É muito comum que contratos de aquisição de empresas contenham, por parte do vendedor, declarações acerca do status da empresa que está sendo alienada e de seus negócios, detalhadas em todos os seus aspectos, incluindo financeiro, fiscal, jurídico e operacional. Não há exigência legal ou regulatória específica sobre esse tipo de declaração no ordenamento jurídico brasileiro. Elas costumam ser dadas por convenção entre as partes, em cláusula própria, que, inspirada em modelo anglo-saxão, costuma-se chamar de cláusula de declarações e garantias (representations and warranties).

Essa cláusula tem primeiramente função informativa, uma vez que, conforme estipulada pelo próprio vendedor, viabiliza a obtenção pelo comprador de conhecimentos importantes sobre a empresa-alvo, necessários à definição do preço de venda e à condução dos negócios após a conclusão da aquisição. Além disso, muitas vezes essa cláusula também tem função protetora da própria operação de aquisição, já que o negócio se baseia justamente no interesse do comprador em adquirir referida empresa conforme sua situação tal como declarada pelo vendedor. Nesse sentido, quebras de declarações fundamentais dadas no contrato (tais como referentes à titularidade do capital social) podem por vezes abrir a possibilidade de não fechamento ou desfazimento da operação.

Sem prejuízo das funções acima, a cláusula de declarações e garantias tem a principal função de suporte a cláusulas indenizatórias. É muito comum que contratos prevejam hipóteses de indenização pelo vendedor ao comprador, em cláusula própria, em caso de uma determinada declaração não se demonstrar verdadeira, precisa ou completa. Como exemplo, nota-se o caso em que o vendedor declara que as então atuais demonstrações financeiras da empresa, anexadas ao contrato, refletem a situação real da empresa alienada, a qual depois vem a sofrer baixa relevante em seu ativo por problema de contabilização gerado ainda na gestão do vendedor. Nesse caso, é comum que os contratos estabeleçam o ressarcimento ao comprador do dano por ele sofrido em razão de referida quebra de declaração.

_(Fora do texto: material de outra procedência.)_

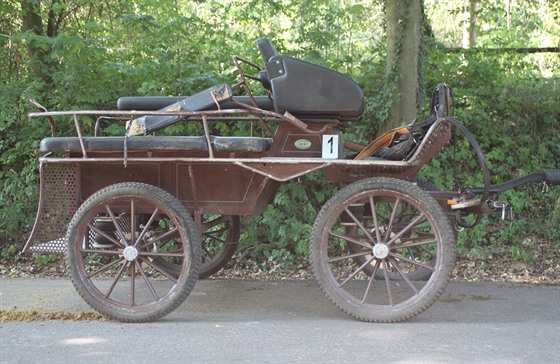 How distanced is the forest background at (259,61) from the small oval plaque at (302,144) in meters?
2.21

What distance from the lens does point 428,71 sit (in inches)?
364

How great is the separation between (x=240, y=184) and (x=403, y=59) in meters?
3.41

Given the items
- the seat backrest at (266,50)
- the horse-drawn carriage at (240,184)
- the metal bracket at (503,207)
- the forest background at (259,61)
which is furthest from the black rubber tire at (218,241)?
the metal bracket at (503,207)

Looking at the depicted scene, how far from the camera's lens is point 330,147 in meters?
5.27

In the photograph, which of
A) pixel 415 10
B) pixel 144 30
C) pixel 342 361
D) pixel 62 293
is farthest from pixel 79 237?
pixel 415 10

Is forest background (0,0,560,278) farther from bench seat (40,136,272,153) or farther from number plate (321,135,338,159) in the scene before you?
bench seat (40,136,272,153)

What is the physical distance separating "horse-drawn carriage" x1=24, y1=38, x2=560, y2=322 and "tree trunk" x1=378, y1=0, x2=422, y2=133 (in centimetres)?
245

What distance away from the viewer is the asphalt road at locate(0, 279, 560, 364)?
4406 mm

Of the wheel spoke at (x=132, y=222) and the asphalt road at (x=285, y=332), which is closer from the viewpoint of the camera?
the asphalt road at (x=285, y=332)

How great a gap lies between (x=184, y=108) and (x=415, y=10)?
12.0ft

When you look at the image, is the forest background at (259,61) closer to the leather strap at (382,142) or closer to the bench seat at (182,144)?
the leather strap at (382,142)

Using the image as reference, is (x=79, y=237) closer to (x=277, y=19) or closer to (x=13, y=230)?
(x=13, y=230)

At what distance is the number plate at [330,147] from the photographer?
207 inches

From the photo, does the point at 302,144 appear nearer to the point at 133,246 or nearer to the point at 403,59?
the point at 133,246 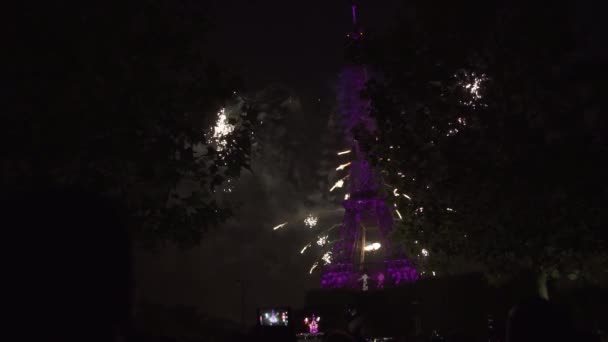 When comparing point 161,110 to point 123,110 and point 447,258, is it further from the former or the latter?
point 447,258

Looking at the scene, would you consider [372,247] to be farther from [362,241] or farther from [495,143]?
[495,143]

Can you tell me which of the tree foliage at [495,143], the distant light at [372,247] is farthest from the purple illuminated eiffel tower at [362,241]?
the tree foliage at [495,143]

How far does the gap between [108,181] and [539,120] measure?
441 inches

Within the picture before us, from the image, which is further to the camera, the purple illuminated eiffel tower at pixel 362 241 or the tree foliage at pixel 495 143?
the purple illuminated eiffel tower at pixel 362 241

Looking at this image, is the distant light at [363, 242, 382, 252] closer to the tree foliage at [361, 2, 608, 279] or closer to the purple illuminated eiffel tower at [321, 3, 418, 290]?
the purple illuminated eiffel tower at [321, 3, 418, 290]

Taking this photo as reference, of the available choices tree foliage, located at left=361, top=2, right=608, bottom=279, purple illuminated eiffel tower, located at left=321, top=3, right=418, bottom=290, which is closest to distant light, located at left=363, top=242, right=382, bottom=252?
purple illuminated eiffel tower, located at left=321, top=3, right=418, bottom=290

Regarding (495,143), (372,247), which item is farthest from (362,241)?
(495,143)

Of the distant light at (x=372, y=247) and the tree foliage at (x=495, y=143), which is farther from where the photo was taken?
the distant light at (x=372, y=247)

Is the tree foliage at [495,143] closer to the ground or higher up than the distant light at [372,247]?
closer to the ground

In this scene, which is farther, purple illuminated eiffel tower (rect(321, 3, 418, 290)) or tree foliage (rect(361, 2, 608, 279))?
purple illuminated eiffel tower (rect(321, 3, 418, 290))

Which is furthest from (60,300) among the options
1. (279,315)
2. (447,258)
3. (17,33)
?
(447,258)

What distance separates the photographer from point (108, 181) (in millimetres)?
10484

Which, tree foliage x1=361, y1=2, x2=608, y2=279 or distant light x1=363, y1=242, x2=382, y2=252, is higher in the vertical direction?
distant light x1=363, y1=242, x2=382, y2=252

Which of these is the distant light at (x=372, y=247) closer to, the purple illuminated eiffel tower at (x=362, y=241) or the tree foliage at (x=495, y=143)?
the purple illuminated eiffel tower at (x=362, y=241) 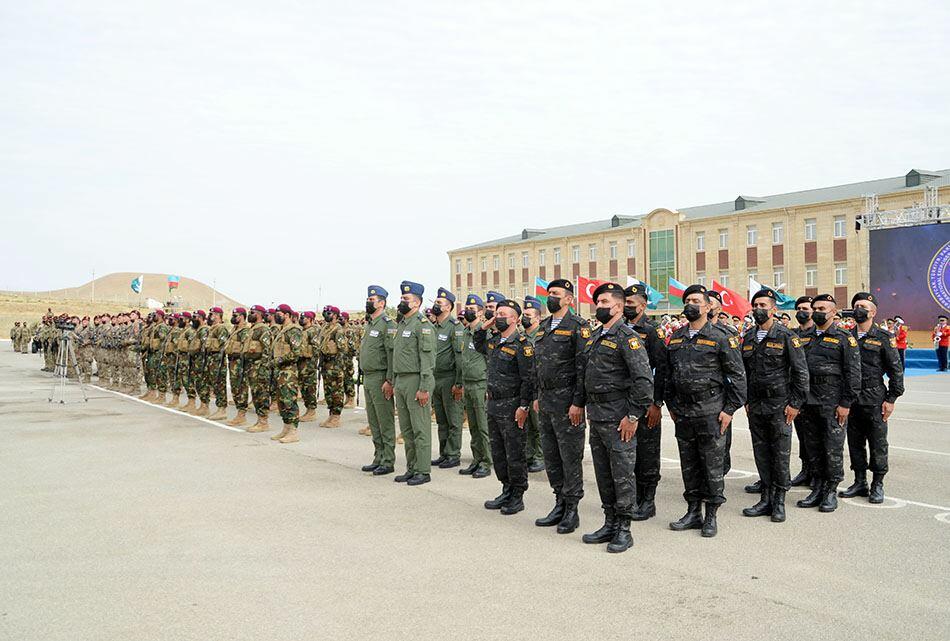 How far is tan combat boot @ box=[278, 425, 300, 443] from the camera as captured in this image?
10.2 m

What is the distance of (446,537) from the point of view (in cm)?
554

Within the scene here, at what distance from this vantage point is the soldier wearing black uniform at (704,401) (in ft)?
18.7

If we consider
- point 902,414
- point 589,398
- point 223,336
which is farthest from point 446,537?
point 902,414

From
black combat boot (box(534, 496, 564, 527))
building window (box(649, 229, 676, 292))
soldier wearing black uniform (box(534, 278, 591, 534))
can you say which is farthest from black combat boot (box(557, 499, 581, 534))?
building window (box(649, 229, 676, 292))

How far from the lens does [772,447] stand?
6.32 metres

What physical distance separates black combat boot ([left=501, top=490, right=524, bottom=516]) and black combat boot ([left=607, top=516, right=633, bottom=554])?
3.78 feet

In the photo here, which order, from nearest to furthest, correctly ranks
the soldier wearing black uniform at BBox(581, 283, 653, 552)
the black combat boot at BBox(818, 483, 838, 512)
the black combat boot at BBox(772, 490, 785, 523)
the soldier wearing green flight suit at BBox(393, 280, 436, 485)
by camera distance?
the soldier wearing black uniform at BBox(581, 283, 653, 552) < the black combat boot at BBox(772, 490, 785, 523) < the black combat boot at BBox(818, 483, 838, 512) < the soldier wearing green flight suit at BBox(393, 280, 436, 485)

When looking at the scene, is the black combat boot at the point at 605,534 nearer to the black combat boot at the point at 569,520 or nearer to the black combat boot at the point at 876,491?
the black combat boot at the point at 569,520

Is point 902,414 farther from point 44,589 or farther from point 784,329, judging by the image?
point 44,589

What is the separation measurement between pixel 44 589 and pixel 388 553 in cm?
206

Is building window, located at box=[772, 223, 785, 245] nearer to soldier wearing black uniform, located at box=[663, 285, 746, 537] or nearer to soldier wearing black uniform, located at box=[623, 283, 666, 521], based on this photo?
soldier wearing black uniform, located at box=[623, 283, 666, 521]

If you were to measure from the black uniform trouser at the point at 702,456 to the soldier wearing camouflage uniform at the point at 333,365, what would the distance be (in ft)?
23.4

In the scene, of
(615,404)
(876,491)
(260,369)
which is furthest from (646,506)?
(260,369)

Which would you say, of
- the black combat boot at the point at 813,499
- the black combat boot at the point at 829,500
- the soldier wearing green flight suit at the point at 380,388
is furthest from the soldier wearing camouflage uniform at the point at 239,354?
the black combat boot at the point at 829,500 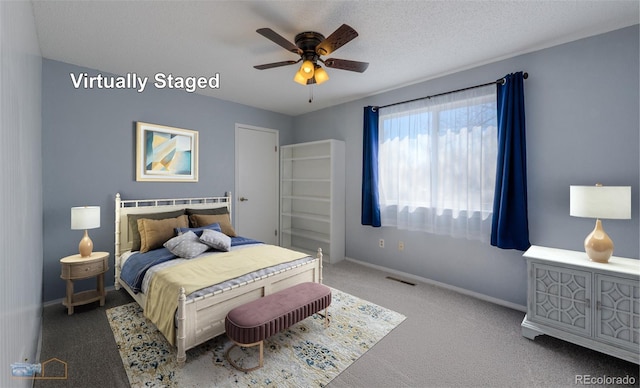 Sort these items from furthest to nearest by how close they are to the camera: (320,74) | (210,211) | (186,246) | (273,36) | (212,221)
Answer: (210,211)
(212,221)
(186,246)
(320,74)
(273,36)

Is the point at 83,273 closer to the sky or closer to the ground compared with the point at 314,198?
closer to the ground

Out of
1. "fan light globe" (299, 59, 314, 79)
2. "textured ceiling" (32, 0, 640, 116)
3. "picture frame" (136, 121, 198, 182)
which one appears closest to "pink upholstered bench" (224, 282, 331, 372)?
"fan light globe" (299, 59, 314, 79)

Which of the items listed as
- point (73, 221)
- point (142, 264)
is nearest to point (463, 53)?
point (142, 264)

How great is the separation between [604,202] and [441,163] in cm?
146

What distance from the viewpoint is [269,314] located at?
1906 mm

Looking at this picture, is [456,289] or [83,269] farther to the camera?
[456,289]

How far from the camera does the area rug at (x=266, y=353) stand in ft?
5.73

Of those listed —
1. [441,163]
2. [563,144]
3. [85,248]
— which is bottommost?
[85,248]

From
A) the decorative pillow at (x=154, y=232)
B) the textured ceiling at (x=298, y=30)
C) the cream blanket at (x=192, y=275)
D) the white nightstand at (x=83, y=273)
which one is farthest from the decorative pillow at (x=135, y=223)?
the textured ceiling at (x=298, y=30)

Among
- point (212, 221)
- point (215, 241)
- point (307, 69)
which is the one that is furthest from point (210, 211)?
point (307, 69)

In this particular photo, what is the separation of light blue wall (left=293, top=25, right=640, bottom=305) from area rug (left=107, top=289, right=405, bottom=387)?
47.1 inches

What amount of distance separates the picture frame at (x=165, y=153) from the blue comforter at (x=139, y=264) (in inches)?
44.2

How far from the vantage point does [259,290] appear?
89.9 inches

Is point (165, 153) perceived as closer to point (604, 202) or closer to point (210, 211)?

As hipóteses de indenização e suas limitações com base em cláusula de declarações e garantias podem variar. Muitas vezes, o vendedor se faz responsável por toda e qualquer perda sofrida pela empresa ou pelo comprador que seja oriunda da época em que a sociedade lhe pertenceu, sem que a divulgação das informações de alguma forma atenue a obrigação de indenizar assumida no contrato. Por outro lado, há casos em que prevalece na negociação o conceito de que “o que é divulgado não é passível de indenização”, ou seja, de que eventuais descumprimentos e más práticas divulgadas na cláusula ora comentada, uma vez que gerem perdas, não são passíveis de indenização pelo vendedor ao comprador. Além disso, é comum haver discussões acerca de qual tipo de perda deve ser incorrido para que uma quebra de declaração gere obrigação de indenizar, exigindo-se, por vezes, um efetivo desembolso pela empresa-alvo (ou seu comprador) para configuração da perda, ou, em outras situações, determinando-se que a mera frustração de expectativa do vendedor com relação a algum item objeto de declaração pelo vendedor já será passível de indenização.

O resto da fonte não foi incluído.